╭─ DATA SECTION
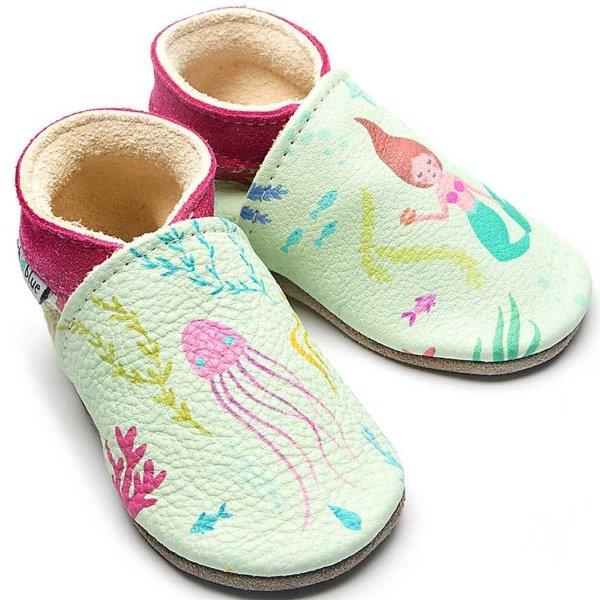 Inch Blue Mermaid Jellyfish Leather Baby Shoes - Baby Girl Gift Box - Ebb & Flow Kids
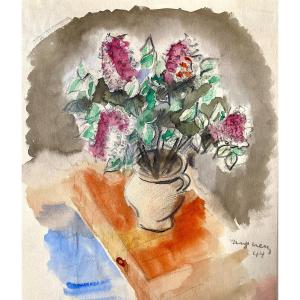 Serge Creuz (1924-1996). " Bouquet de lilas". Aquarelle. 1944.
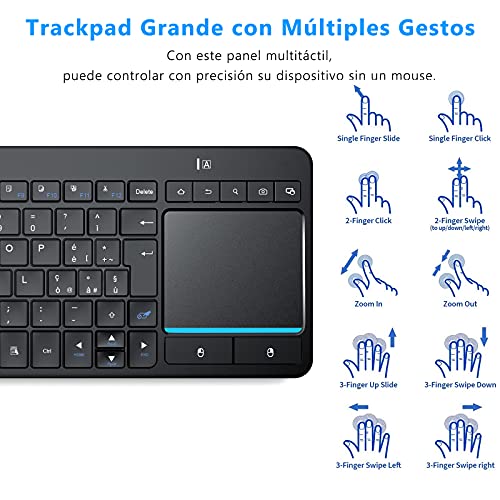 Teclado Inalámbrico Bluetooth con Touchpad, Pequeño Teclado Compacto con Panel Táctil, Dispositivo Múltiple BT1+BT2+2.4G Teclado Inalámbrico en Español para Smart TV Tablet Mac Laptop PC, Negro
╰─
### [ABOUT THIS EXERCISE]
Exact repetition of each line above is expected; images are to be omitted.

### [RESULT BELOW]
 Inch Blue Mermaid Jellyfish Leather Baby Shoes - Baby Girl Gift Box - Ebb & Flow Kids
 Serge Creuz (1924-1996). " Bouquet de lilas". Aquarelle. 1944.
 Teclado Inalámbrico Bluetooth con Touchpad, Pequeño Teclado Compacto con Panel Táctil, Dispositivo Múltiple BT1+BT2+2.4G Teclado Inalámbrico en Español para Smart TV Tablet Mac Laptop PC, Negro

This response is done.